The Basics of Issue Tracking
Issues are an important mean of communication on Codeberg. Besides their original purpose - reporting bugs to a project's maintainer - they can be used to suggest enhancements, ask for new features, discuss a project's direction, ask questions and much more.
You can access the issue tracker of a project by clicking its "Issues" tab (1).
There, you'll see a browsable and filterable (2) list of all issues. Many projects use labels to categorize issues. If you want to contribute to a project, a good label to look for is the "help wanted" label.
You can switch between issues that are still open, and those that are already resolved (3).
Some projects define milestones (4), to which issues can be assigned. They are good for visualizing the progress of a project's development.
You can create an issue by clicking on the green "New Issue" button (5) at the top left of the issues list.
Issues in the issue tracker are public, and everyone is able to read and answer them.

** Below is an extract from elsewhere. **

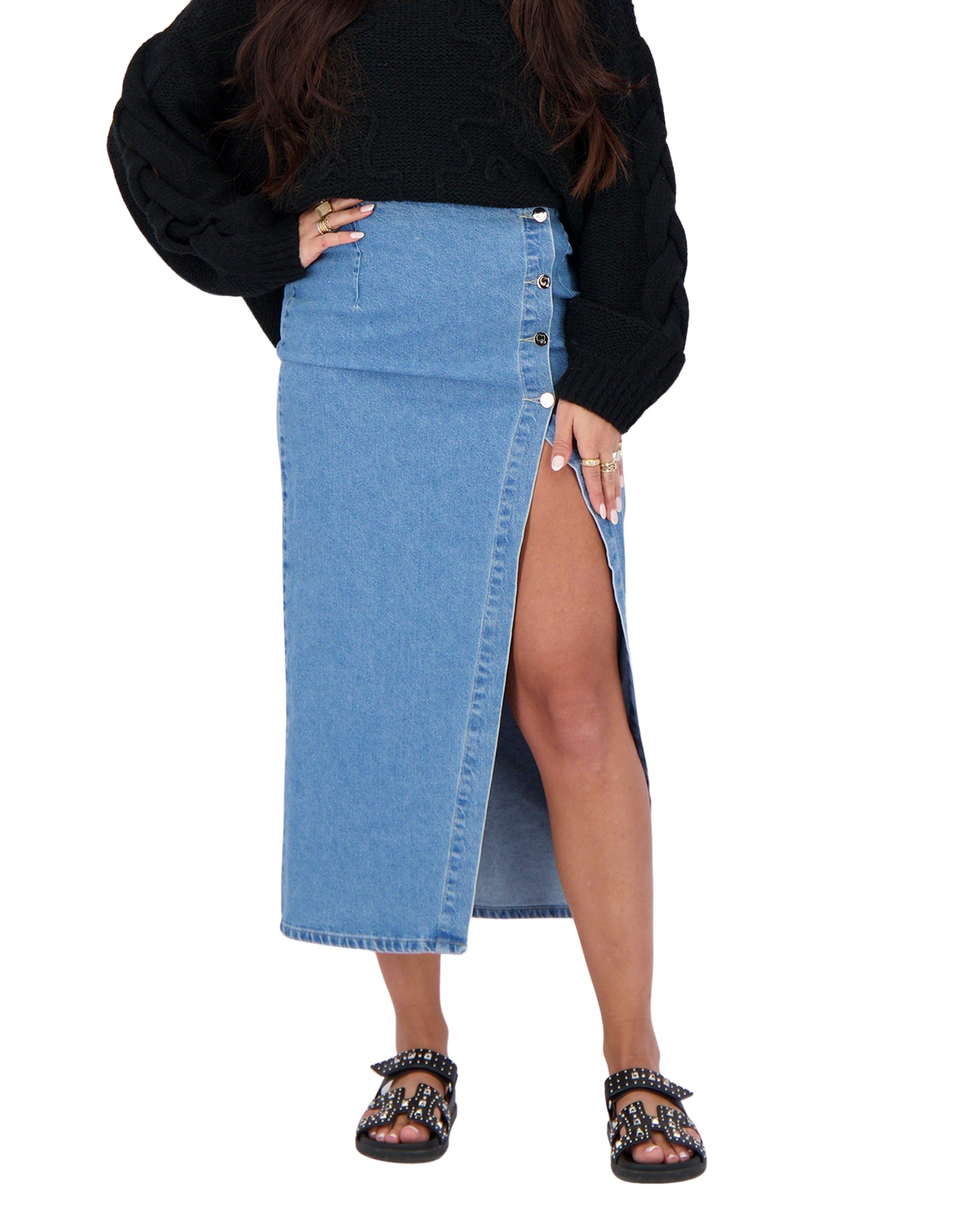 Denim Long Pencil Rok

An issue can have an assignee, meaning someone responsible for resolving or moderating the issue. Their profile picture, with a link to their profile, can be seen in the issue list.
Once an issue in the Issue Tracker has been created, it will usually pass through a process of review, discussion and closure, which can be more or less strictly defined, based on the project you're contributing to.
The first thing that might happen is that your issue is categorized using labels. Your issue may be reviewed by the project's maintainer(s) and evaluated whether it, i.e., might be a duplicate or an invalid bug report.
Then, depending on what type of issue it is, there might be additional questions or a discussion and, if applicable, the implementation of a solution (or the rejection of the issue).
Finally, the issue is closed, thus vanishing from the list of open issues. Issues might have dependencies on other issues or pull requests preventing them from being closed.
Occasionally, issues may become "stale". That's when there hasn't been any progress for an extended period of time (usually months). You might consider reviving these, if there is a strong interest in getting them resolved (and, preferably, if you can contribute something to them).
If you encounter an abandoned project and there's no way of contacting the maintainer(s), consider forking it, if you want to assume responsibility for it (or, rather, your fork).
If the bug you have found has security implications, do not create an issue right away! Instead try contacting the project's maintainers privately. Many projects have a dedicated e-mail address for reporting security bugs. If the project in question doesn't, consider writing an email directly to the project's maintainer or ask for the address in the issue tracker.
What's important is that you don't publicly expose security bugs before they are fixed and the fixes are deployed, because otherwise, you might put the users of that project at severe risk.
Before creating a new issue, please make sure that there isn't already an existing issue about, i.e., the bug you want to report or the feature you want to request.
If there already is an existing issue, please consider commenting on that issue instead, if there is something more that you can contribute to it.
You should also make sure that the issue has not already been solved by having a look at the closed issues (3) as well.
Project maintainers love precise information about why, i.e., a bug is happening.
Some projects may even have templates that specifically ask for information like the operating system or database software used.
If you can provide that information, it will be easier for the project maintainer(s) to quickly resolve your issue. And if you want it resolved even quicker, consider writing a Pull Request solving the issue (if possible).
Please remember that many project maintainers work on their free software projects in their free time. Some maintainers may answer you within minutes, others within days. Don't be discouraged if there isn't an immediate answer.